### TASK OBJECTIVE
When you reach the line below that has "BUNKER INDUST Offroad", start returning lines exactly, and stop after the line that has "Pemberly Row Set"; skip the pictures.

### RECORDS TO USE

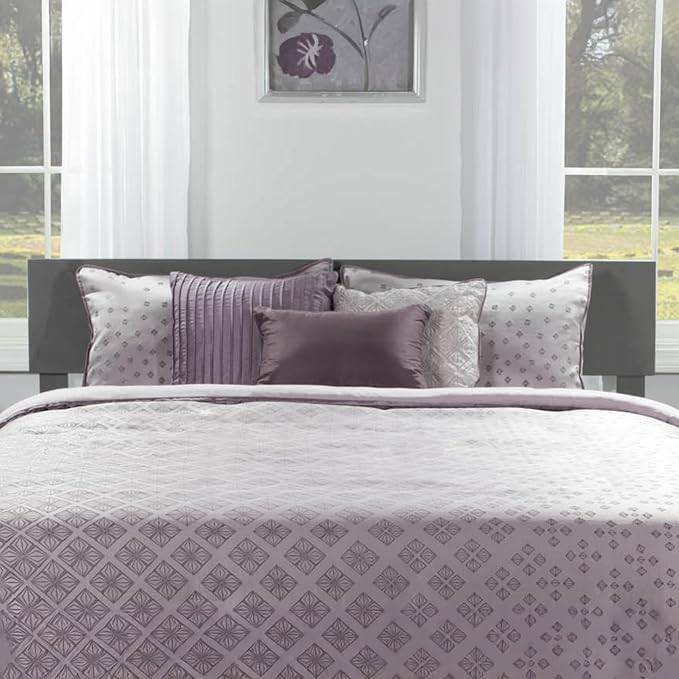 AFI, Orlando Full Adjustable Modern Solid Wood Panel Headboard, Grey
* * *
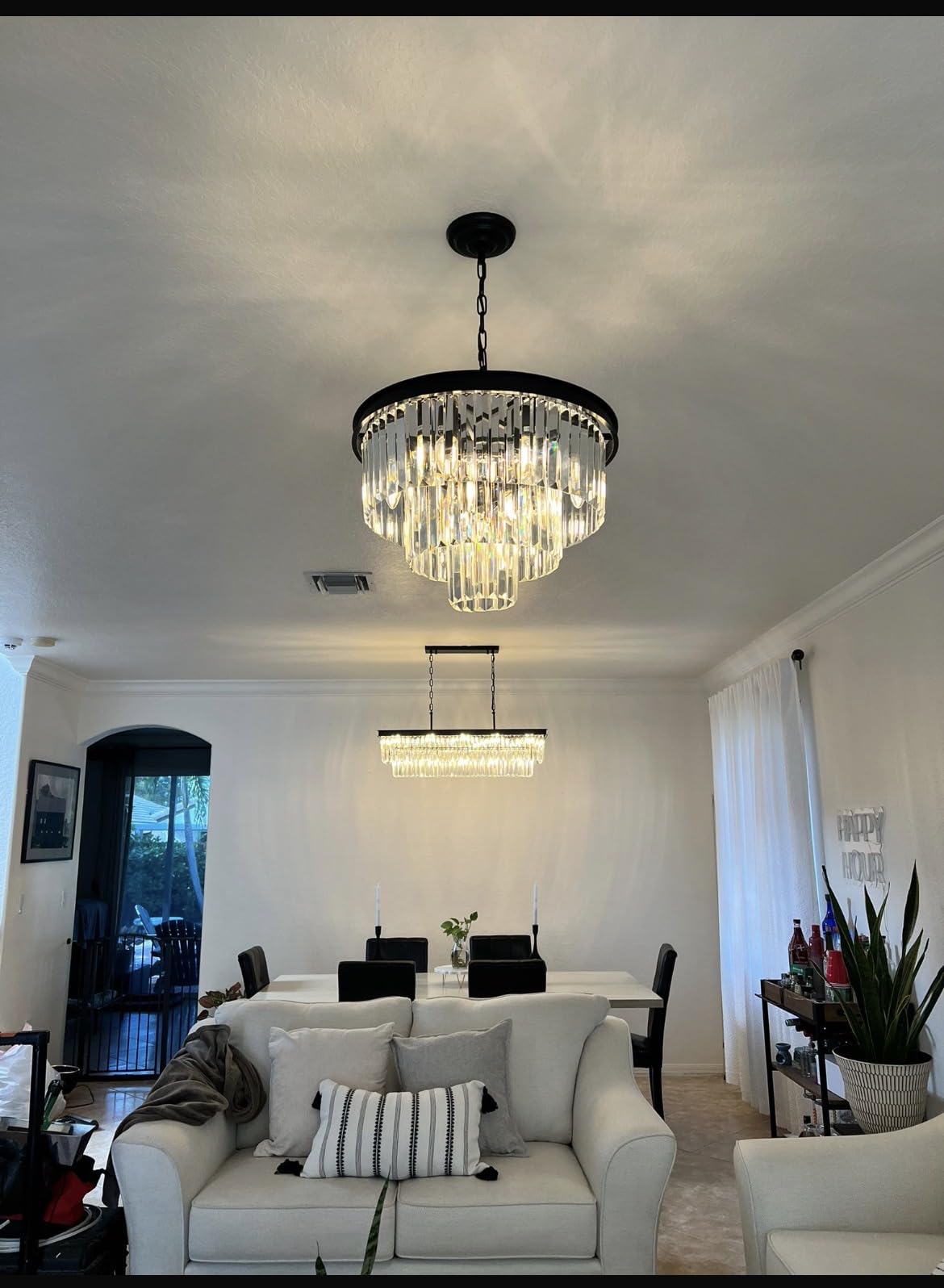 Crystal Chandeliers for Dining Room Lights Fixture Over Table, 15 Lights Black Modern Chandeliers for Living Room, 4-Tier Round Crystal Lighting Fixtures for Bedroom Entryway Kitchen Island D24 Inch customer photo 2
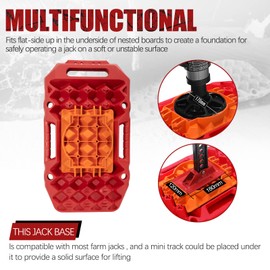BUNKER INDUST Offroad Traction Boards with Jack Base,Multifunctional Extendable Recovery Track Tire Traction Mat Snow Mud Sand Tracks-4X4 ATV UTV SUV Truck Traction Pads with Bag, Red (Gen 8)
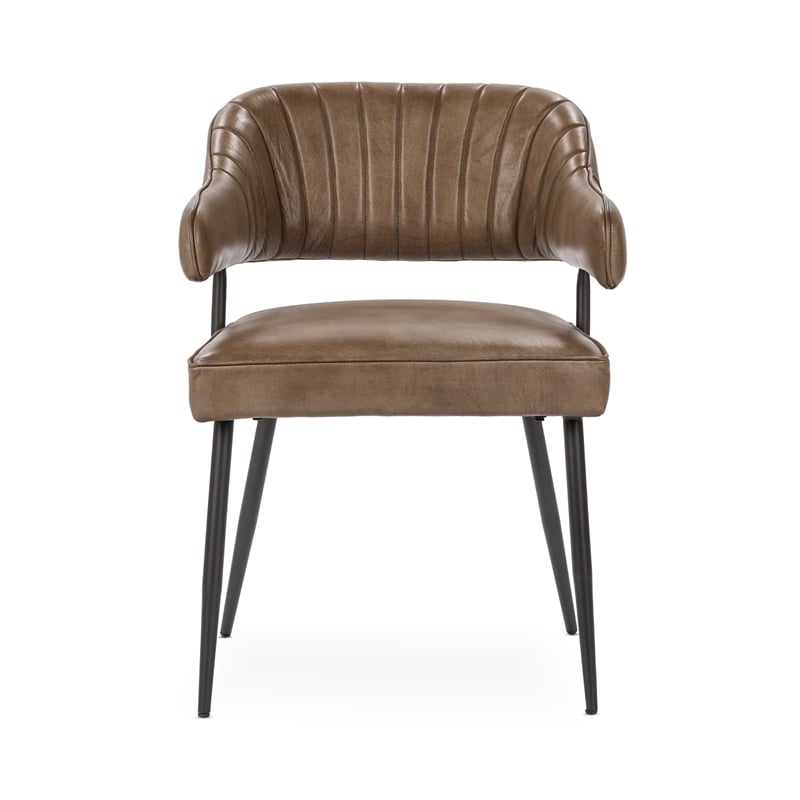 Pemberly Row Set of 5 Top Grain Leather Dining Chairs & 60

### TASK SOLUTION
BUNKER INDUST Offroad Traction Boards with Jack Base,Multifunctional Extendable Recovery Track Tire Traction Mat Snow Mud Sand Tracks-4X4 ATV UTV SUV Truck Traction Pads with Bag, Red (Gen 8)
 Pemberly Row Set of 5 Top Grain Leather Dining Chairs & 60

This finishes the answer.